Par conséquent, ne souhaitant pas que votre préoccupation apparaisse comme contraire à la volonté de la majorité sénatoriale, je vous invite, au nom de la commission des finances, à le retirer. A défaut, cette dernière se verrait dans l'obligation de recommander à la majorité sénatoriale de ne pas l'adopter.
M. Michel Sergent. Je demande la parole pour explication de vote.
M. le président. La parole est à M. Sergent.
M. Michel Sergent. Je tiens tout d'abord à m'étonner quelque peu du climat qui s'est instauré tout à coup et des propos quelquefois à la limite de la discourtoisie qui ont été tenus à l'encontre de Mme le secrétaire d'Etat. Ce n'est pas la première fois qu'un membre d'un gouvernement n'est pas élu local ou ne l'a pas été ! Et ce n'est évidemment pas parce que Mme le secrétaire d'Etat n'est pas élue locale qu'elle n'est pas au courant de la situation des collectivités locales ou qu'elle n'a pas la volonté que ces dernières soient le mieux traitées possible.

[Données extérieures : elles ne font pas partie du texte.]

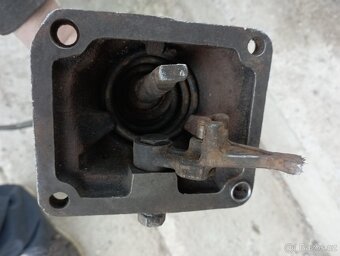 Rýchlostná páka - 5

Mais j'en reviens à l'amendement n° I-222. Permettez-moi de dire que le rapporteur de la commission départementale de coopération intercommunale que je suis - je suis d'ailleurs élu du même département que Jean-Paul Delevoye - est incapable d'indiquer quel sera le nombre de nouvelles communautés d'agglomération et de nouvelles communautés de communes au 31 décembre 2000 !

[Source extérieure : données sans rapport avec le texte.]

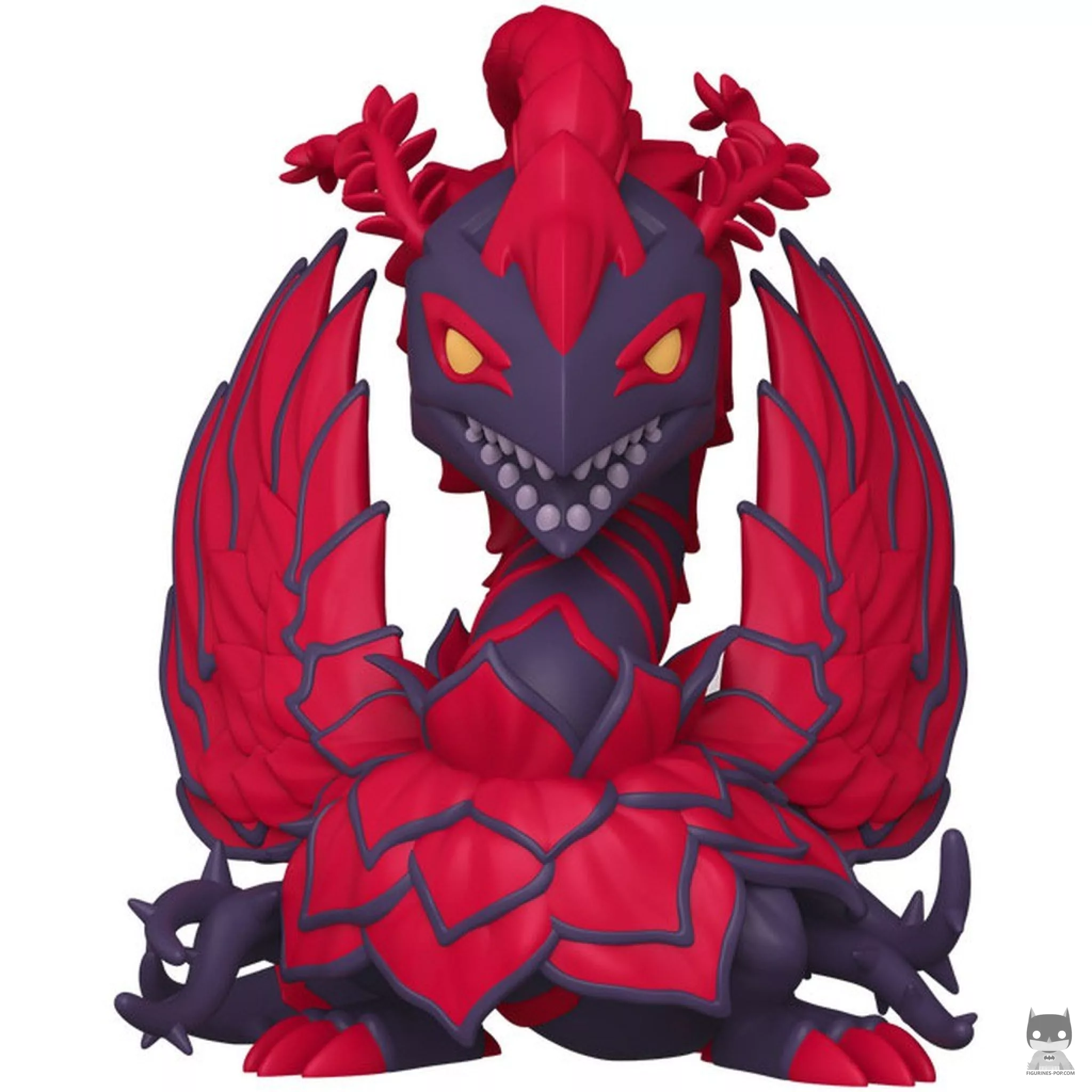 Figura Funko Pop! Dragón Rosa Negra (Yu-Gi-Oh!)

La commission départementale de coopération intercommunale doit encore se réunir juste avant Noël pour être en mesure de préciser ces éléments. Il ne s'agit donc même pas de lire dans le marc de café ! Il y a encore une imprécision. (Murmures sur les travées du RPR.)

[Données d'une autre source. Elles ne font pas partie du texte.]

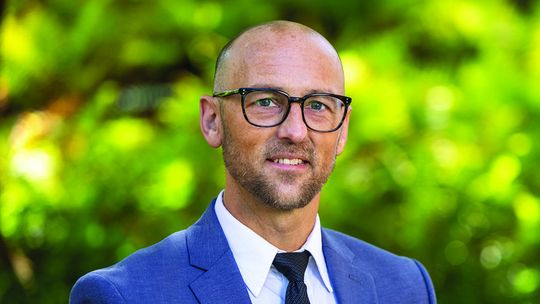 Huppert new head of LPS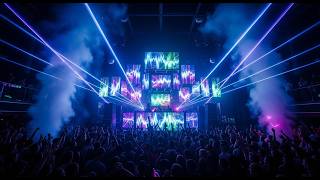 🔥 [CLUB DANCE MIX 2026] 1 Hour Non-Stop Energy | EDM + Bass House + Trance Party 🔥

Par ailleurs, il a toujours été question, me semble-t-il, d'une moyenne de 175 francs par habitant.
M. Patrick Lassourd. Oui !
M. Michel Sergent. J'appartiens à une communauté de communes qui n'est pas à la taxe professionnelle unique, la TPU, et qui bénéficie aujourd'hui de 193 francs par habitant, compte tenu du coefficient d'intégration fiscale. (Exclamations sur les travées du RPR.)
M. Hilaire Flandre. Il y a des privilégiés !
M. Michel Sergent. C'est dire combien ces choses-là sont complexes et combien il est difficile, aujourd'hui, de prévoir ce qu'il adviendra en 2002.
M. Jean-Paul Delevoye. Je demande la parole pour explication de vote.
M. le président. La parole est à M. Delevoye.
M. Jean-Paul Delevoye. Je rejoins l'avis exprimé par M. le président de la commission des finances.
A l'occasion de l'examen de l'amendement n° I-222, s'est amorcée une discussion de fond, et, à cet égard, il me paraît important, madame le secrétaire d'Etat, que vous puissiez nous indiquer les principes qui sont susceptibles de guider votre réflexion.
Chacun est aujourd'hui conscient, je crois, que, paradoxalement, le fait de financer sur la même enveloppe le fonctionnement des communes et celui de l'intercommunalité a pour conséquence que le succès de l'intercommunalité risque de mettre à mal la capacité de financer le fonctionnement des communes.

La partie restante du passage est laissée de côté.